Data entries
********************

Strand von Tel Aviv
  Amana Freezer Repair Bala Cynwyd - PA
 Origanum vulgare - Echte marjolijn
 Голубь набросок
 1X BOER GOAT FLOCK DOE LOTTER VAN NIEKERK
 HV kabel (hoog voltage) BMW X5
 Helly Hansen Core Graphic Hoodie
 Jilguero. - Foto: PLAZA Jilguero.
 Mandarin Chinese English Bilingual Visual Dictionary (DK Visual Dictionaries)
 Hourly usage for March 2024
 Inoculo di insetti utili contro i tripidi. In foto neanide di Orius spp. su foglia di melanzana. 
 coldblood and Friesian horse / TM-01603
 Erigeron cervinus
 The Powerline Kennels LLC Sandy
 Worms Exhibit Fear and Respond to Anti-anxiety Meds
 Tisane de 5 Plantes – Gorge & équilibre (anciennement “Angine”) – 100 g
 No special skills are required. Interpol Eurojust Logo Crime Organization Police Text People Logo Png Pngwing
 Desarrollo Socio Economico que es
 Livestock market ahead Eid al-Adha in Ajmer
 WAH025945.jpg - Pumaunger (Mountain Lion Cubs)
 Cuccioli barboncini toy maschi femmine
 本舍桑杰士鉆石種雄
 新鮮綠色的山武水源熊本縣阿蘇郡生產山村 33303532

********************

Output the data exactly, in full.

● TASK SOLUTION:
Strand von Tel Aviv
  Amana Freezer Repair Bala Cynwyd - PA
 Origanum vulgare - Echte marjolijn
 Голубь набросок
 1X BOER GOAT FLOCK DOE LOTTER VAN NIEKERK
 HV kabel (hoog voltage) BMW X5
 Helly Hansen Core Graphic Hoodie
 Jilguero. - Foto: PLAZA Jilguero.
 Mandarin Chinese English Bilingual Visual Dictionary (DK Visual Dictionaries)
 Hourly usage for March 2024
 Inoculo di insetti utili contro i tripidi. In foto neanide di Orius spp. su foglia di melanzana. 
 coldblood and Friesian horse / TM-01603
 Erigeron cervinus
 The Powerline Kennels LLC Sandy
 Worms Exhibit Fear and Respond to Anti-anxiety Meds
 Tisane de 5 Plantes – Gorge & équilibre (anciennement “Angine”) – 100 g
 No special skills are required. Interpol Eurojust Logo Crime Organization Police Text People Logo Png Pngwing
 Desarrollo Socio Economico que es
 Livestock market ahead Eid al-Adha in Ajmer
 WAH025945.jpg - Pumaunger (Mountain Lion Cubs)
 Cuccioli barboncini toy maschi femmine
 本舍桑杰士鉆石種雄
 新鮮綠色的山武水源熊本縣阿蘇郡生產山村 33303532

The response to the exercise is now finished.